PROBLEM REQUIREMENTS: What is needed is a word-for-word transcript of the listing, free of pictures.

GIVEN DATA:
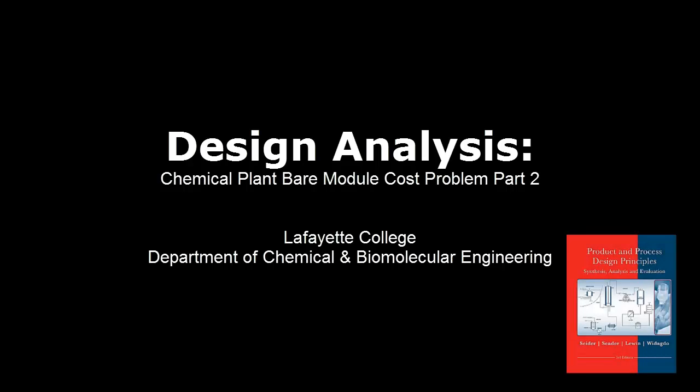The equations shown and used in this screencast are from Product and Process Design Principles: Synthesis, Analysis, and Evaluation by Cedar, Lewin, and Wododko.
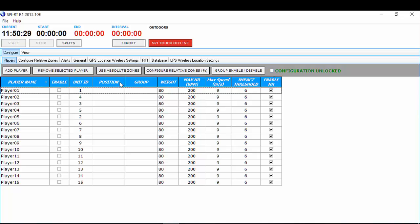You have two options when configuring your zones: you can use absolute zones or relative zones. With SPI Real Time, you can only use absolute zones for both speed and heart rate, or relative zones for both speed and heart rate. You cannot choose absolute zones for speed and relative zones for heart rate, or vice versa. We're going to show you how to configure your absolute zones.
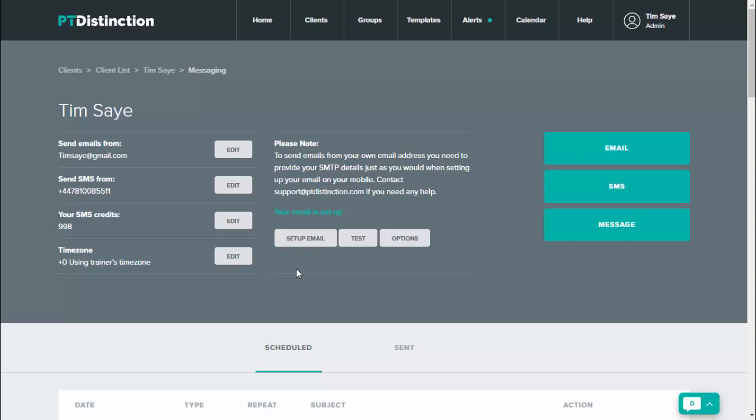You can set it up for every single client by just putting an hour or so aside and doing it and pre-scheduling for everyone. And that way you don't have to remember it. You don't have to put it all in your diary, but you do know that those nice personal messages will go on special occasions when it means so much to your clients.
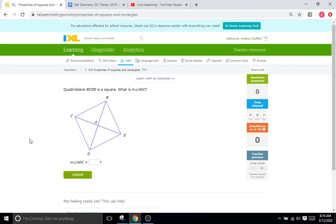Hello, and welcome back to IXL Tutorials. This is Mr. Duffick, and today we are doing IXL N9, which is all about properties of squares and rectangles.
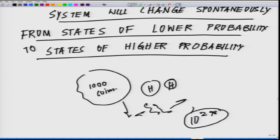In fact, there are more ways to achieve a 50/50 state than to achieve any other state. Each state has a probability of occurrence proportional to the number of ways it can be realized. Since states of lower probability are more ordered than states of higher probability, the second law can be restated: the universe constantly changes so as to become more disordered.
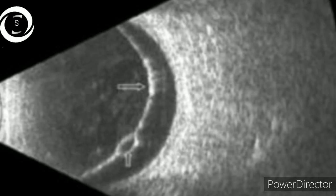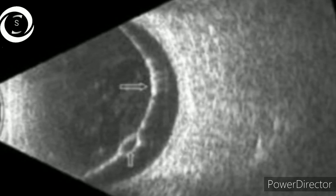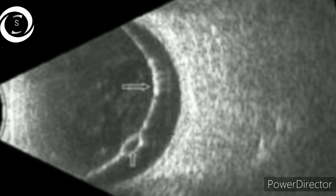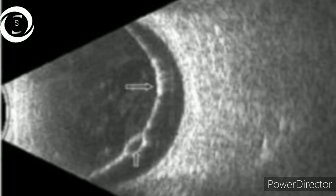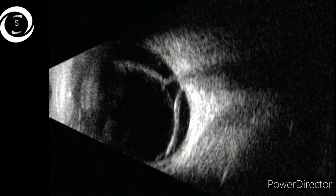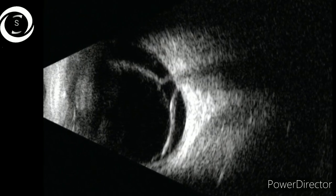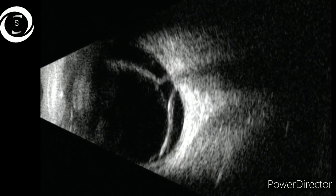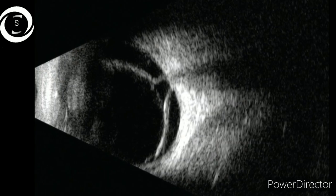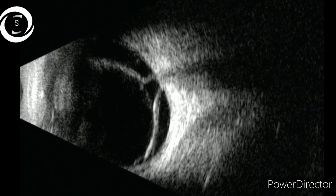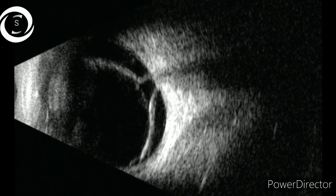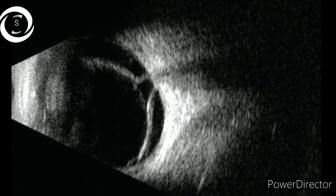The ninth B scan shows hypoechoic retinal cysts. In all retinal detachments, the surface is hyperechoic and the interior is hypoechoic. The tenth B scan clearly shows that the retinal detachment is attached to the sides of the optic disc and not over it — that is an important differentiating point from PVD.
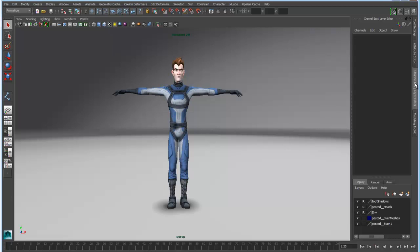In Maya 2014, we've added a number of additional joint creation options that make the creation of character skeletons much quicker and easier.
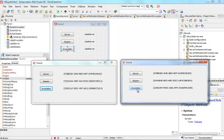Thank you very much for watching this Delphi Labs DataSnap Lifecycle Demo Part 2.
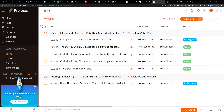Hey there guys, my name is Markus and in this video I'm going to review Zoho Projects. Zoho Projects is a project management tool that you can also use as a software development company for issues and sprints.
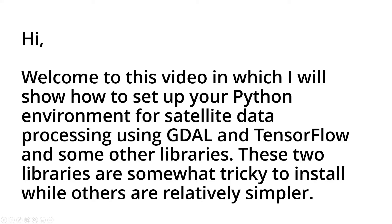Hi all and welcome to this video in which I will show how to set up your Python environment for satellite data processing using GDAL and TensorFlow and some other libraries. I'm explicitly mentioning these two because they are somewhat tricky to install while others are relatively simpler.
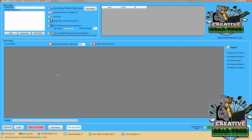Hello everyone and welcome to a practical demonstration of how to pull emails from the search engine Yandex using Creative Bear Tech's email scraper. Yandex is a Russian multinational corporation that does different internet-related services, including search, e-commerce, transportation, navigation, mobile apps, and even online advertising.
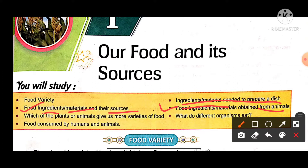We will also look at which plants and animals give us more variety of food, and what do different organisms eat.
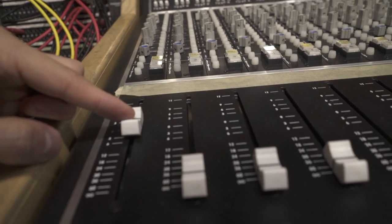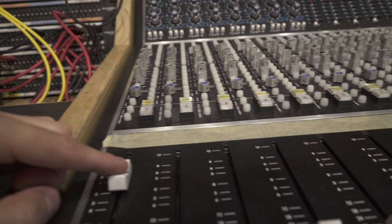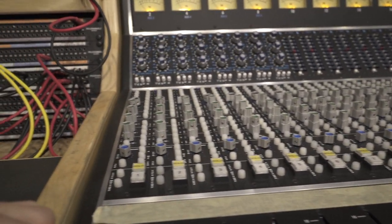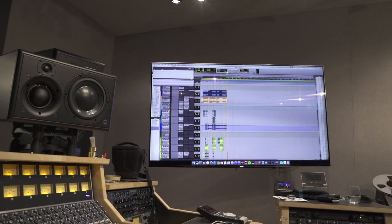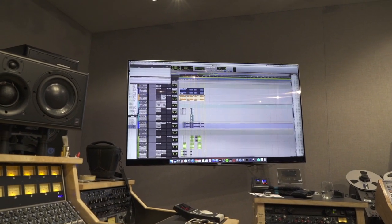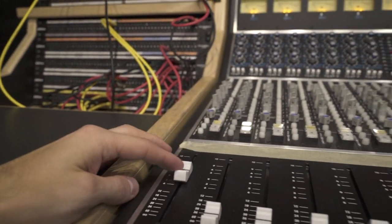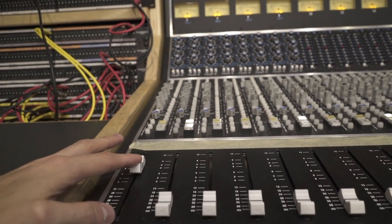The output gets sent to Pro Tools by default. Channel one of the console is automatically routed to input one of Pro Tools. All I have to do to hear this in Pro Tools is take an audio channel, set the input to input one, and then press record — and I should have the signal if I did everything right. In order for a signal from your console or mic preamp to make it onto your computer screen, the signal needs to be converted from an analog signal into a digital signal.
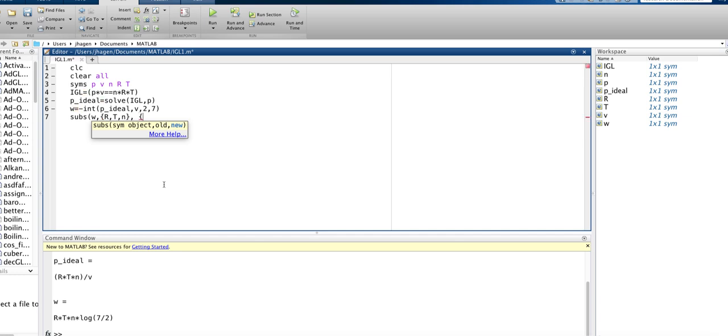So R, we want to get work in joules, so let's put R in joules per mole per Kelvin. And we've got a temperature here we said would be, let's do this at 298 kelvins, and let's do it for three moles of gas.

REPLY:
The equations shown and used in this screencast are from Product and Process Design Principles: Synthesis, Analysis, and Evaluation by Cedar, Lewin, and Wododko.
You have two options when configuring your zones: you can use absolute zones or relative zones. With SPI Real Time, you can only use absolute zones for both speed and heart rate, or relative zones for both speed and heart rate. You cannot choose absolute zones for speed and relative zones for heart rate, or vice versa. We're going to show you how to configure your absolute zones.
You can set it up for every single client by just putting an hour or so aside and doing it and pre-scheduling for everyone. And that way you don't have to remember it. You don't have to put it all in your diary, but you do know that those nice personal messages will go on special occasions when it means so much to your clients.
Hello, and welcome back to IXL Tutorials. This is Mr. Duffick, and today we are doing IXL N9, which is all about properties of squares and rectangles.
In fact, there are more ways to achieve a 50/50 state than to achieve any other state. Each state has a probability of occurrence proportional to the number of ways it can be realized. Since states of lower probability are more ordered than states of higher probability, the second law can be restated: the universe constantly changes so as to become more disordered.
The ninth B scan shows hypoechoic retinal cysts. In all retinal detachments, the surface is hyperechoic and the interior is hypoechoic. The tenth B scan clearly shows that the retinal detachment is attached to the sides of the optic disc and not over it — that is an important differentiating point from PVD.
In Maya 2014, we've added a number of additional joint creation options that make the creation of character skeletons much quicker and easier.
Thank you very much for watching this Delphi Labs DataSnap Lifecycle Demo Part 2.
Hey there guys, my name is Markus and in this video I'm going to review Zoho Projects. Zoho Projects is a project management tool that you can also use as a software development company for issues and sprints.
Hi all and welcome to this video in which I will show how to set up your Python environment for satellite data processing using GDAL and TensorFlow and some other libraries. I'm explicitly mentioning these two because they are somewhat tricky to install while others are relatively simpler.
Hello everyone and welcome to a practical demonstration of how to pull emails from the search engine Yandex using Creative Bear Tech's email scraper. Yandex is a Russian multinational corporation that does different internet-related services, including search, e-commerce, transportation, navigation, mobile apps, and even online advertising.
We will also look at which plants and animals give us more variety of food, and what do different organisms eat.
The output gets sent to Pro Tools by default. Channel one of the console is automatically routed to input one of Pro Tools. All I have to do to hear this in Pro Tools is take an audio channel, set the input to input one, and then press record — and I should have the signal if I did everything right. In order for a signal from your console or mic preamp to make it onto your computer screen, the signal needs to be converted from an analog signal into a digital signal.
So R, we want to get work in joules, so let's put R in joules per mole per Kelvin. And we've got a temperature here we said would be, let's do this at 298 kelvins, and let's do it for three moles of gas.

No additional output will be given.